Como cristiano comprometido que he sido, lanzo mi voz de alerta contra aquellos que parecieran pretender manipular los eventos religiosos que se aproximan en la República de Panamá, como lo es la Jornada Mundial de la Juventud de 2019.

Frente a las críticas a la Iglesia Católica, tan reiteradas por quienes ni siquiera la primera piedra pueden tirar, he sido solidario con ella. Hay quienes, con aviesos propósitos, pretenden confundir la actuación de un sacerdote con la misma Iglesia, cuando para los creyentes, el cuerpo eclesial lo constituimos todos; somos cada uno de nosotros.
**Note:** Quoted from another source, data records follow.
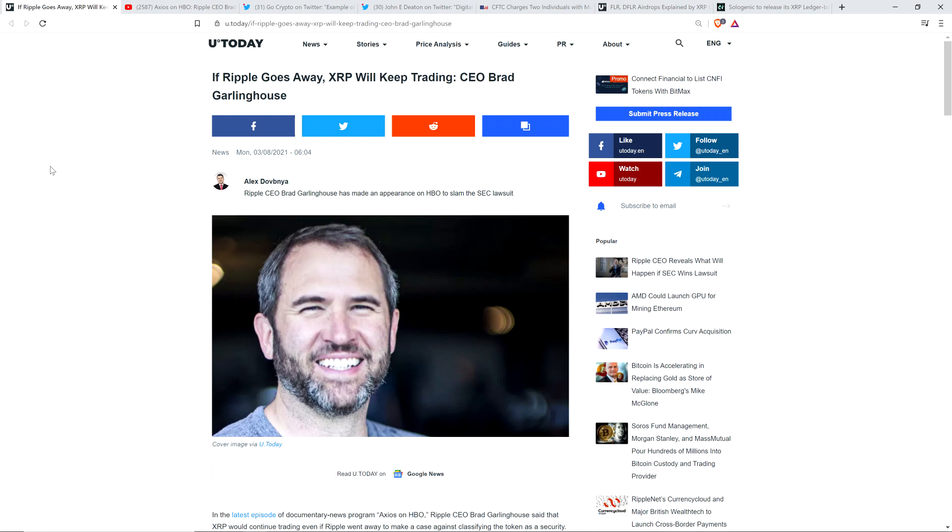Hello, this is Matt on the Moon Lambeau channel. Ripple CEO Brad Garlinghouse has appeared on a program called Axios which is on HBO. Now, I actually happen to subscribe to HBO Max, so I have access to this program, but until today, frankly, I had never heard of it before.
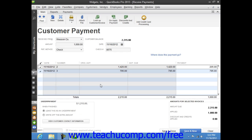Note that you can also change the amounts applied to each invoice if needed by simply changing the amounts that are shown in the Payment column at the right end of the outstanding invoice list.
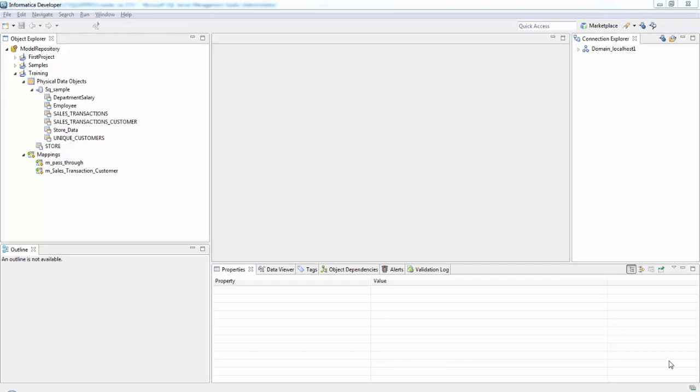In this session we'll see about aggregator transformation. We'll create a mapping in which an aggregator transformation is used to aggregate the data. Here I have an employee table that contains employee name, department ID, salary, and other details. We are going to calculate the total salaries paid to the employees in each department.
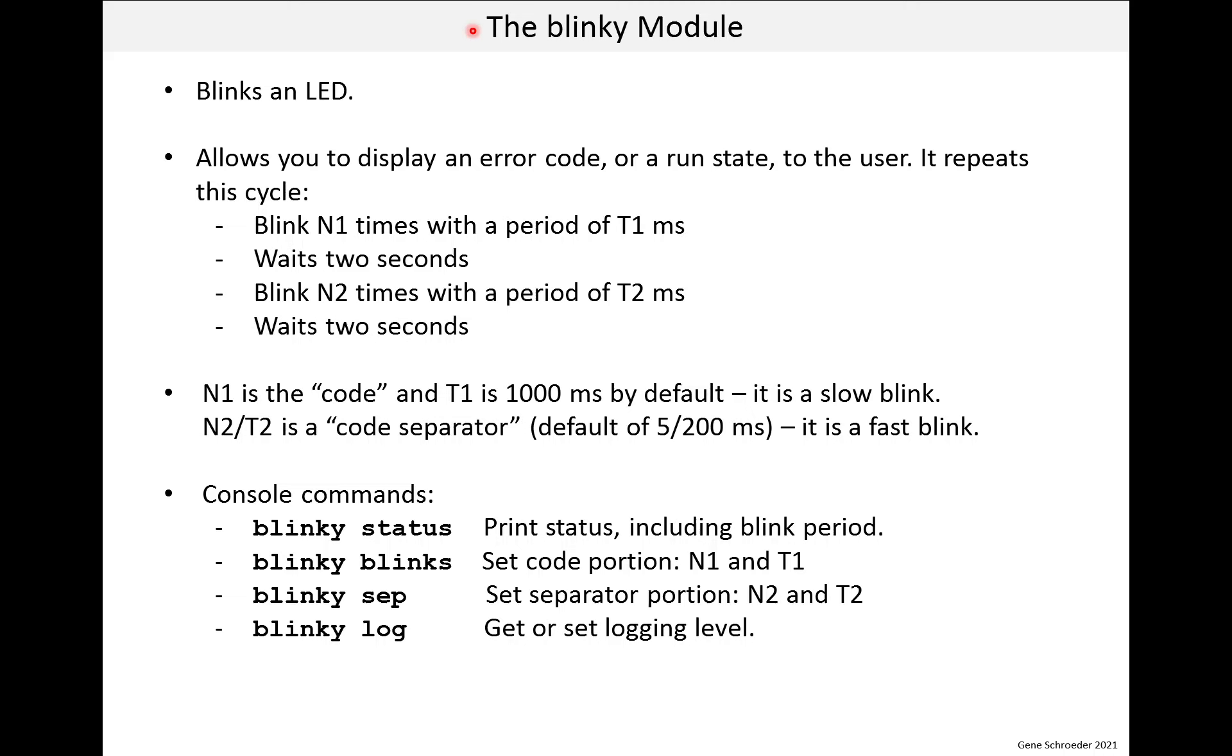In this lesson, we look at the blinky module. All this module does is blink an LED. I included it because this function is sometimes used as a first bare metal exercise for embedded. Of course, those exercises are usually just a couple lines of code, and this module requires quite a few more.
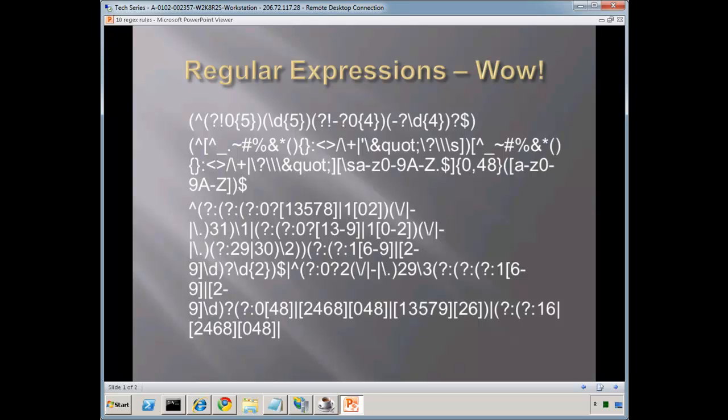Hello and welcome to today's lesson on regular expressions. This is lesson number 10 in a 52-week series on what every web administrator needs to know to become successful.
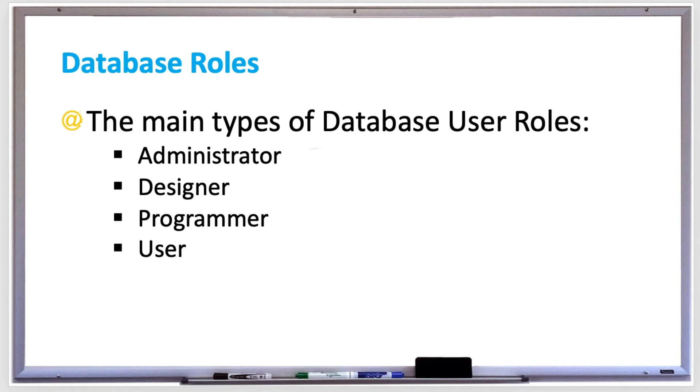Database users typically access the database data with software applications but may sometimes write SQL queries to directly access the data. For small and simple databases with not a lot of data or users, one person may take on several of these roles at the same time.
Un grupo indivisible del cual formamos parte: obispos, sacerdotes, diáconos, religiosos y laicos, lo que conocemos como el Pueblo de Dios.

Cuando ha sido atacada por quienes adversan que los templos católicos como la Catedral Metropolitana, los del Casco Viejo y los del interior, como Nata de los Caballeros, sean remozados con fondos públicos he sido de los que argumenta que tales lugares, si bien de culto religioso, constituyen parte importante de nuestro Patrimonio Histórico que debemos preservar tal como lo hacen tantos países. No solo eso, sino que se convierten en lugares de peregrinación turística.

Sentado lo anterior, es preciso señalar lo que veo alrededor de una posible politización de los asuntos religiosos de parte de nuestras autoridades. Como bien decía Cristo, al referirse a los fariseos, no son necesariamente creyentes los que anuncian a los cuatro vientos lo que profesan. La religión, para que tenga sustancia, debe ser un asunto eminentemente espiritual entre Dios y el hombre mismo. El que practica su religión para que los demás se percaten de ello, simplemente, de acuerdo a lo que aprendí en mis años del Colegio La Salle, entra en la categoría de ‘fariseos', de los mercaderes del templo que Jesús largó a punta de latigazos.

Seré de los primeros en apuntarme para hospedar a un par de jóvenes que vengan a la Jornada Mundial de la Juventud. Creo en la solidaridad. Los jóvenes merecen el espacio que en muchos casos no le dan los gobernantes. Es excelente que la Iglesia llene ese vacío brindando ese necesario espacio para su desarrollo espiritual, lo cual les ayudará a alejarse de todos aquellos flagelos que tanto afectan negativamente a nuestros jóvenes.

Me causa recelo ver cómo los gobernantes se aprovechan de este asunto y en eso la jerarquía católica debe estar clara. Hacer la Jornada Mundial a inicios de 2019 es poner el tema en el debate electoral de mayo de ese año. En eso se debe estar claro y se deben establecer límites, aunque el Gobierno nacional facilite gran parte de los fondos que requieren estas actividades hasta el 2019.

No por ello la Iglesia debe dejar de continuar con su compromiso con la justicia social y la libertad ciudadana; debe ser enfática contra la corrupción y la impunidad. No puede desfallecer en exigir a los gobernantes la mayor transparencia en sus acciones, aunque con ello estos, muchas veces intolerantes a las críticas, se molesten. Recordemos la Iglesia somos todos y nuestros pastores, los obispos, deben jugar su gran rol de orientación y apoyo solidario, sobre todo a los más pobres.

ABOGADO Y POLÍTICO.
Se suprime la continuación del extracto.